Defendant assigns as error the trial court’s exclusion of defendant’s testimony on direct examination relative to the punishment imposed on him for a prior conviction. After testifying on direct examination to the time and place of a prior conviction, defendant was asked by his counsel, “and what sort of sentence did you receive?” The State’s objection to this question was sustained. Defendant’s counsel then asked, “Are you presently on parole or probation?” Again, the State objected and was sustained.
Defendant contends that the fact that he was on parole at the time of the alleged commission of the crime charged was relevant to his intent or state of mind at that time in that it tends to establish that defendant would not knowingly commit another crime and risk reactivation of a twenty-two (22) year prison term. In arguing that this evidence should have been admitted, defendant relies on the well-recognized rule that evidence tending to establish the requisite, specific intent of the accused is competent notwithstanding such evidence also discloses the commission of another offense, see State v. Atkinson, 275 N.C. 288, 161 S.E. 2d 241 (1969), and seeks to extend this rule to allow inquiry into the punishment imposed as a result of the former offense. We find no merit in this contention.
We find no controlling authority in North Carolina on this point. It is true that the rule permitting, for purposes of impeachment, cross-examination of witnesses with respect to their prior convictions has been extended to allow inquiry into the punishment imposed as a result of these convictions. State v. Finch, 293 N.C. 132, 235 S.E. 2d 819 (1977); Ormond v. Crampton, 16 N.C. App. 88, 191 S.E. 2d 405, cert. denied, 282 N.C. 304, 192 S.E. 2d 194 (1972). However, we do not think this rule lends support to *97defendant’s position in the instant case. The underlying purpose of the rule allowing a witness to be cross-examined with respect to prior convictions is separate and distinct from that allowing evidence to be elicited on direct examination which discloses the commission of another offense. See State v. Williams, 279 N.C. 663, 185 S.E. 2d 174 (1971); State v. McClain, 240 N.C. 171, 81 S.E. 2d 364 (1954). Under the former, evidence elicited goes to the credibility of the witness and is admitted for impeachment purposes only. State v. Williams, supra; 1 Stansbury’s N.C. Evidence (Brandis Rev. 1973) § 112. However, under the latter rule — upon which defendant relies — the evidence is admissible, as substantive evidence, only if it tends to establish a material element of the crime charged. State v. McClain, supra.
Guided by these principles, we are of the opinion that any probative value the proffered testimony may have had was far outweighed by the distraction inherent in placing such details before the jury. Therefore, this evidence was irrelevant and properly excluded.

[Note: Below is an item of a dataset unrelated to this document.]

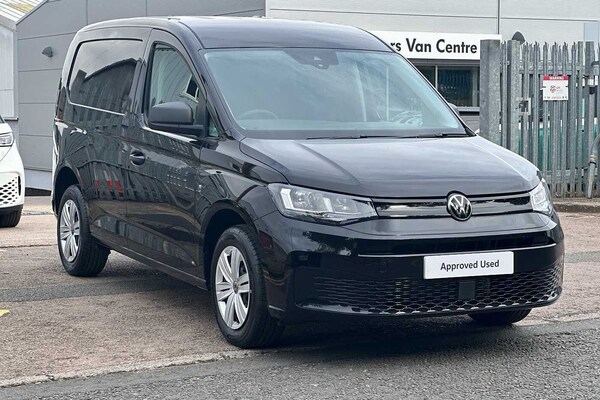 Used Volkswagen Caddy 2024 for sale - 75494972: Photo 1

Defendant further assigns as error the following portion of the court’s charge:
“. . . and third, that when the defendants presented that bill in payment for goods or in payments for any item worth any money from either of the stores they knew that it was false or had no reason to believe that it was a good bill." (Emphasis added.)
Defendant contends that the emphasized portion of the instruction was erroneous in that it put the burden of proof on the defendant to show that he had reason to believe that the bill was good. He argues that the jury would be misled to think that, in order to acquit defendant, they must believe defendant’s story as to how he got the bill. This contention is without merit.
The challenged instruction recited one of the elements which the court charged that the State must prove beyond a reasonable doubt before finding defendant guilty of attempting to obtain property by false pretense. It was the State, not the defendant, upon whom the court cast the burden. This burden, which the State was required to prove beyond a reasonable doubt, was “that defendants knew the bill was false or had no reason to believe that it was a good bill.” We can see no burden resting on *98the defendant as a result of the challenged instruction. This assignment of error is overruled.
We have carefully examined the remaining assignments of error and find them to be without merit.
In the trial we find no prejudicial error.
No error.
Chief Judge BROCK and Judge CLARK concur.